Féministe convaincue, elle n’apprend son art qu’à des femmes. Dans Rouge merveille qu’elle a créé cette année, Mélusine Lavinet-Drouet dans cette discipline circassienne maintenant reconnue. Cette artiste installe la structure mais fait semblant d’avoir du mal avec le mode d’emploi et prie une spectatrice de l’aider…
Elle a juste un sac qu’elle accroche puis se suspendra aux branches d’une sorte d’arbre. Et elle se met ensuite des ailes d’ange en métal. De belles images même s’il est parfois difficile de tout voir de cette performance à cause d’un très nombreux public. La rançon du théâtre de rue…
Il y avait aussi Soka Tira Osoa, un court mais beau spectacle avec une funambule sur une musique rock-jazz dans une scénographie bi-frontale. « Si tout part du sol, pourquoi ne pas imaginer une traversée qui partirait d’ici avec vous ? Et si nous tirions ensemble cette corde pour voir jusqu’où cela nous mène ? Soka Tira Osoa est un espace propice à la rencontre et à l’entraide. » Les artistes de la compagnie Basinga mettent tous les corps de métiers à cette même place d’artiste et cet exercice de funambule est aussi fondé sur notre fragilité et sur notre possibilité à les surmonter. » La funambule tombera mais remonte sur le fil avec un autre balancier…
Dans un espace à l’intérieur, trois acrobates espagnols -deux femmes et un homme-jouaient avec et sur des chaises. Mais vu l’affluence de plusieurs centaines de spectateurs, on ne réussissait qu’à les apercevoir, donc impossible de rien vous en dire…
Et il y a eu aussi au Mucem, la présentation d’une formidable exposition sur le cirque En piste ! Clowns, pitres et saltimbanques par Macha Makeieff et Vincent Giovannoni, conservateur en chef, responsable du pôle Arts du spectacle, commissaires dont nous vous reparlerons.
Philippe du Vignal
Jusqu’au 9 février à Marseille et dans toute la Région Sud. T. : 04 91 55 61 64.
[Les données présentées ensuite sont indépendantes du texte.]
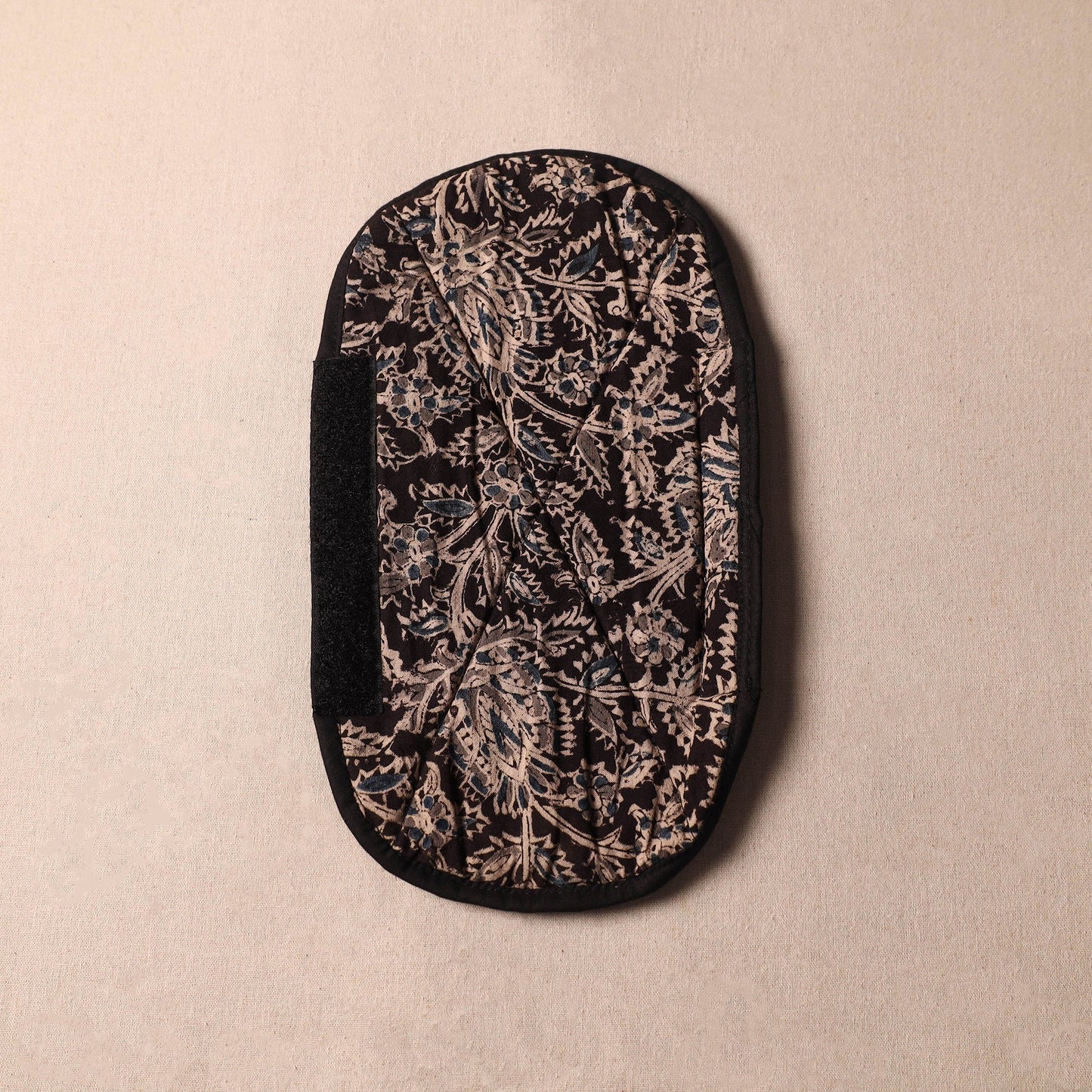 Black Kalamkari Block Printed Fridge Top Cover with Handle Cover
La Scala, Paris (X ème) du 12 février au 2 mars. Scène de Bayssan, Béziers, ( Hérault), le 8 mars. Dieppe Scène nationale (Seine-Maritime) ,le 22 mars. Centre Culturel Jacques Prévert, Villeparisis (Seine-et-Marne), le 25 mars. Théâtre Le Reflet, Vevey (Suisse), le 30 mars.
Théâtre du Passage, Neuchâtel (Suisse) les 2 et 3 avril. Points Communs-Scène nationale de Cergy-Pontoise (Val-d’Oise), les 5 et 6 avril. L’Avant-Seine, Théâtre de Colombes ( Hauts-de Seine) le 8 avril. Théâtre de Rungis (Val-de-Marne) le 10 avril.
Festival des sept Collines, Saint-Étienne (Loire) le 28 juin.